Direct interactions of Kaposi's sarcoma-associated herpesvirus/human herpesvirus 8 ORF50/Rta protein with the cellular protein octamer-1 and DNA are critical for specifying transactivation of a delayed-early promoter and stimulating viral reactivation.

The Kaposi's sarcoma-associated herpesvirus (KSHV) delayed-early K-bZIP promoter contains an ORF50/Rta binding site whose sequence is conserved with the ORF57 promoter. Mutation of the site in the full-length K-bZIP promoter reduced Rta-mediated transactivation by greater than 80%. The K-bZIP element contains an octamer (Oct) binding site that overlaps the Rta site and is well conserved with Oct elements found in the immediate-early promoters of herpes simplex virus type 1(HSV-1). The cellular protein Oct-1, but not Oct-2, binds to the K-bZIP element in a sequence-specific fashion in vitro and in vivo and stimulates Rta binding to the promoter DNA. The coexpression of Oct-1 enhances Rta-mediated transactivation of the wild type but not the mutant K-bZIP promoter, and Oct-1 and Rta proteins bind to each other directly in vitro. Mutations of Rta within an amino acid sequence conserved with HSV-1 virion protein 16 eliminate Rta's interactions with Oct-1 and K-bZIP promoter DNA but not RBP-Jk. The binding of Rta to both Oct-1 and DNA contributes to the transactivation of the K-bZIP promoter and viral reactivation, and Rta mutants deficient for both interactions are completely debilitated. Our data suggest that the Rta/Oct-1 interaction is essential for optimal KSHV reactivation. Transfections of mouse embryo fibroblasts and an endothelial cell line suggest cell-specific differences in the requirement for Oct-1 or RBP-Jk in Rta-mediated transactivation of the K-bZIP promoter. We propose a model in which Rta transactivation of the promoter is specified by the combination of DNA binding and interactions with several cellular DNA binding proteins including Oct-1.

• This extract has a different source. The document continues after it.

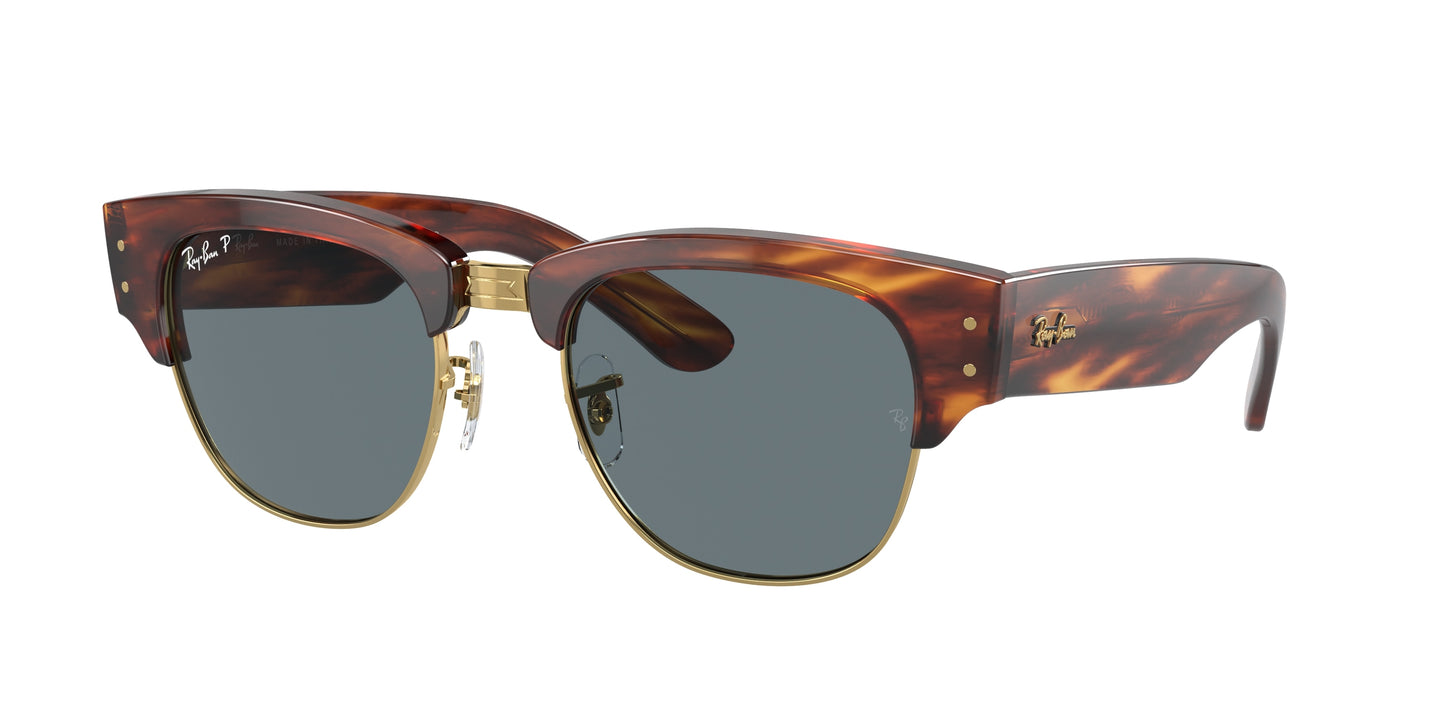 Ray-Ban MEGA CLUBMASTER RB0316S Square Sunglasses 954/3R-Striped Havana 53-145-21 - Color Map Brown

Kaposi's Sarcoma-associated herpesvirus lytic switch protein stimulates DNA binding of RBP-Jk/CSL to activate the Notch pathway.

Kaposi's sarcoma-associated herpesvirus (KSHV) lytic switch protein, Rta, is a ligand-independent inducer of the Notch signal transduction pathway, and KSHV cannot reactivate from latency in cells null for the Notch target protein RBP-Jk. Here we show that Rta promotes DNA binding of RBP-Jk, a mechanism that is fundamentally different from that established for the RBP-Jk-activating proteins, Notch intracellular domain (NICD) and Epstein-Barr virus EBNA2. Although constitutively active RBP-Jk and NICD do not transactivate KSHV promoters independently, cotransfection of an Rta mutant lacking its transactivation domain robustly restores transcriptional activation. Cooperation requires intact DNA binding sites for Rta and RBP-Jk and trimeric complex formation between the three molecules in vitro. In infected cells, RBP-Jk is virtually undetectable on a series of viral and cellular promoters during KSHV latency but is significantly enriched following Rta expression during viral reactivation. Accordingly, Rta, but not EBNA2 and NICD, reactivates the complete viral lytic cycle.